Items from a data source
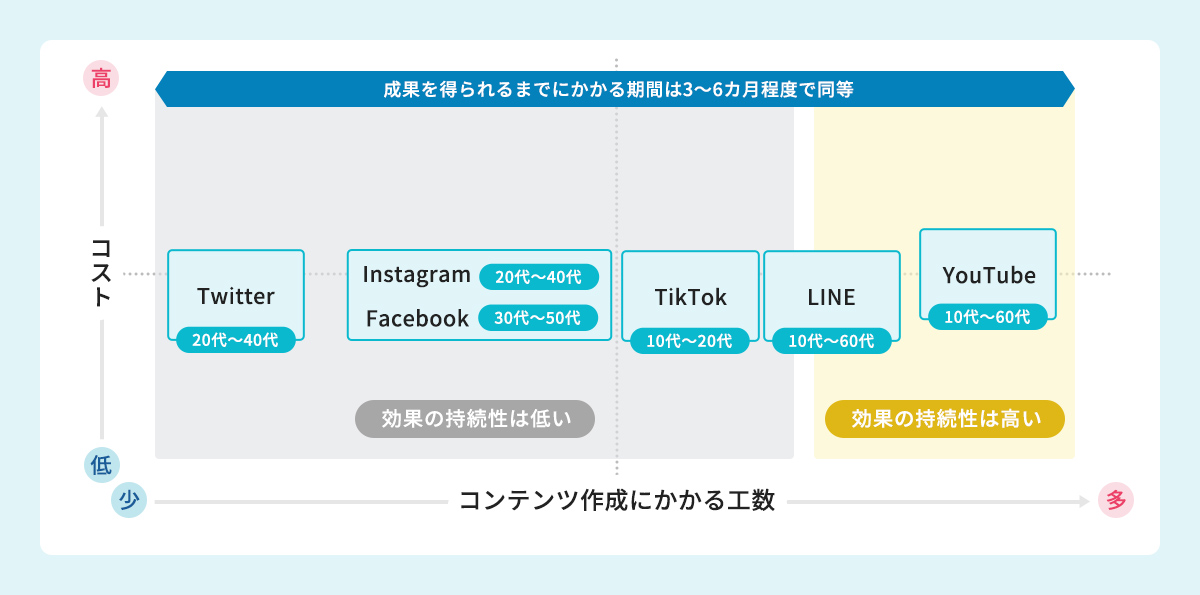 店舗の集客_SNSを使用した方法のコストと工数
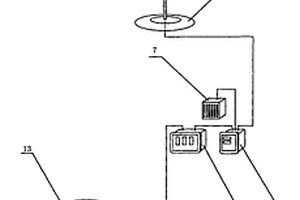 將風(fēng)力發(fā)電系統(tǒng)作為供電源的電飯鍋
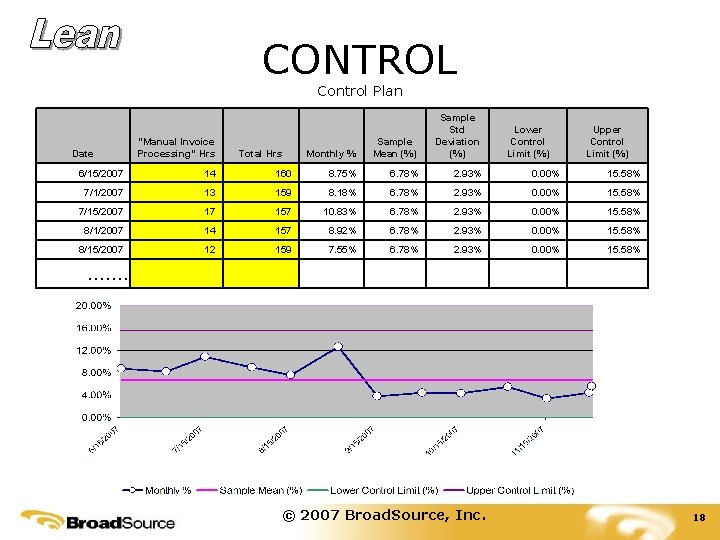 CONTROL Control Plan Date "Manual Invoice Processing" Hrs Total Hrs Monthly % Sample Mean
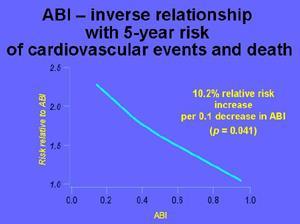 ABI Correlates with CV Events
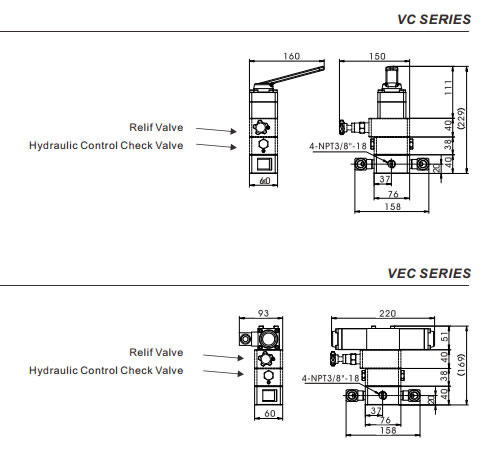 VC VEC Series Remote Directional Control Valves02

HOW TO COMPLETE THIS TASK
Restate the preceding entries in full, word for word, with the pictures removed.

RESULT FOR THIS EXERCISE
 店舗の集客_SNSを使用した方法のコストと工数
 將風(fēng)力發(fā)電系統(tǒng)作為供電源的電飯鍋
 CONTROL Control Plan Date "Manual Invoice Processing" Hrs Total Hrs Monthly % Sample Mean
 ABI Correlates with CV Events
 VC VEC Series Remote Directional Control Valves02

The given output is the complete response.